Have you thought about the word “faith” lately? It’s something we exercise everyday even though we cannot see it with our naked eyes. By faith we sit upon a chair, hoping that it will hold us and not fall apart. By faith we get in our cars, turn on the ignition, and hope that the combination of gasoline and pistons will roar to life and take us where we want to go. But, then, can we “see” faith? No, faith is not something we can see standing before us, but we can see its actions. Faith is nothing we can hold in our hands but it’s real just the same. Well, if we can’t see it or hold it, then how do we define it? The best place for us to turn is not to Webster’s Dictionary, but to the book that he regularly read while he was alive and that book was the Bible.
The writer of Hebrews, the eleventh chapter, which we call “The Hall of Faith” because it gives so many examples of people who “walked by faith”, gives the definition of “faith” in the very first verse. Verse one says, “Now faith is the assurance of things hoped for, the conviction of things not seen.” I like that word “now”, don’t you? It’s not talking about something in the future, it’s not talking about something in the past, but it’s talking about something that is “in the here and now”, “right this very moment”. Today, in the moment that you live, you can exercise faith. You don’t have to wait to exercise it, you don’t have to get anyone’s permission, it’s yours to exercise in the “here and now”. Wherever you are in life, in whatever station you are in, in whatever condition you find yourself, you can exercise faith!

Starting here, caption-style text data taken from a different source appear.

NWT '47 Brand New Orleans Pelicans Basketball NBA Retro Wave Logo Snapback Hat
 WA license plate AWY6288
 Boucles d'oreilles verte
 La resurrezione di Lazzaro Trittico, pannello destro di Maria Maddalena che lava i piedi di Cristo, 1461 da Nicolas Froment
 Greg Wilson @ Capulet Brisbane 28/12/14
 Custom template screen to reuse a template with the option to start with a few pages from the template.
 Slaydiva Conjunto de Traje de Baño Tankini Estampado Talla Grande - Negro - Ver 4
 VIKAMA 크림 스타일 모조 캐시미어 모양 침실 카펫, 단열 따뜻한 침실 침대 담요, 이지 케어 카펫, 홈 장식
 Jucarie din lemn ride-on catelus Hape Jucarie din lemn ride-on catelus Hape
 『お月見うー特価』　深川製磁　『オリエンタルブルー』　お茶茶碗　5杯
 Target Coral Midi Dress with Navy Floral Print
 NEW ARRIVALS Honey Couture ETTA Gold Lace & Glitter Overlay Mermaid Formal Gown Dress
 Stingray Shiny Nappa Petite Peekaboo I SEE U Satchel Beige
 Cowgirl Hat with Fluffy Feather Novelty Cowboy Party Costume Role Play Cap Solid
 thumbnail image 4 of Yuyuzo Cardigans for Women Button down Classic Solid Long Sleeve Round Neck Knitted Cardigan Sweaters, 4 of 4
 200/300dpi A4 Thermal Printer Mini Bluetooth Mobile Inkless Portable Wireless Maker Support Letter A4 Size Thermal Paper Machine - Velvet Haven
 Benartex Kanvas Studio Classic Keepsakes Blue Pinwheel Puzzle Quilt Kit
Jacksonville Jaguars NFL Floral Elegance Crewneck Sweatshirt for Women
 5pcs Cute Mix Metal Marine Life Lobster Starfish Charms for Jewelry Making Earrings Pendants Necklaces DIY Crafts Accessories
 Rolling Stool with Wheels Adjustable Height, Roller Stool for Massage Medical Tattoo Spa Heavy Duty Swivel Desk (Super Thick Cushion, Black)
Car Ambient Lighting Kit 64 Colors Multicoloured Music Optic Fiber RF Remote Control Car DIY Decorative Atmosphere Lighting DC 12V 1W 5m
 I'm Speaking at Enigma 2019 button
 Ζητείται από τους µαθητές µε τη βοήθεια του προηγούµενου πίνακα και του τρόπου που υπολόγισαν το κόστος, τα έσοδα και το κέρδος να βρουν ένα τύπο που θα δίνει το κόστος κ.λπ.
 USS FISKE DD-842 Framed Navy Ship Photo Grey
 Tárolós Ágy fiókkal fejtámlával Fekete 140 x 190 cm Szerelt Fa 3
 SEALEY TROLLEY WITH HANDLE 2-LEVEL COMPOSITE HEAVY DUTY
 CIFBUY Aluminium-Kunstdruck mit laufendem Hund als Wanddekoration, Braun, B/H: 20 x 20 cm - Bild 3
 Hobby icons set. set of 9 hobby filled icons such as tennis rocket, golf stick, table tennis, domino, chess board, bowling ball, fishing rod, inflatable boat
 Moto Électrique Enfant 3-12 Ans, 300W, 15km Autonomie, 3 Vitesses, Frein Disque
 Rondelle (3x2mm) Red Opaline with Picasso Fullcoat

However, let’s go on and examine the rest of that definition. It’s “the assurance of things hoped for, the conviction of things not seen.” Well, now, what does that mean? Perhaps we can turn our attention to a few other translations of the Bible. Two versions that I like the most are the more modern versions of the Bible, “The New Living Translation”, and “The Living Bible, Paraphrased”. I like them for their ease of reading and their simplicity of understanding. Actually, the “Living Bible Translation” came out before the “New Living Translation”. One was one man’s interpretation and the other was the work of many scholars on the various books of the Bible. Both are excellent. The New Living Translation defines faith (this very verse) in this way. “What is faith? It is the confident assurance that what we hope for is going to happen. It is the evidence of things we cannot yet see.” This version adds, “confident assurance” and “evidence that we cannot yet see” (yet we expect to see it soon.) But the translation that spurned the New Living Translation, The Living Bible Translation, puts the verse this way; “What is faith? It is the confident assurance (there’s that word confidence again) that something we want is going to happen (like it’s already there). It is the certainty (not the guesswork) that what we hope for, is waiting for us, even though we cannot see it up ahead.” I call this translation “The I Know, Translation” because it says, “I know that I know that I know that what I hope for is going to happen, even though I cannot see it right now, but it’s going to happen and it’s going to happen soon!” Do you like that one? Now it may not be a million dollars that you are going to get, but it can mean that you are going to get a million blessings!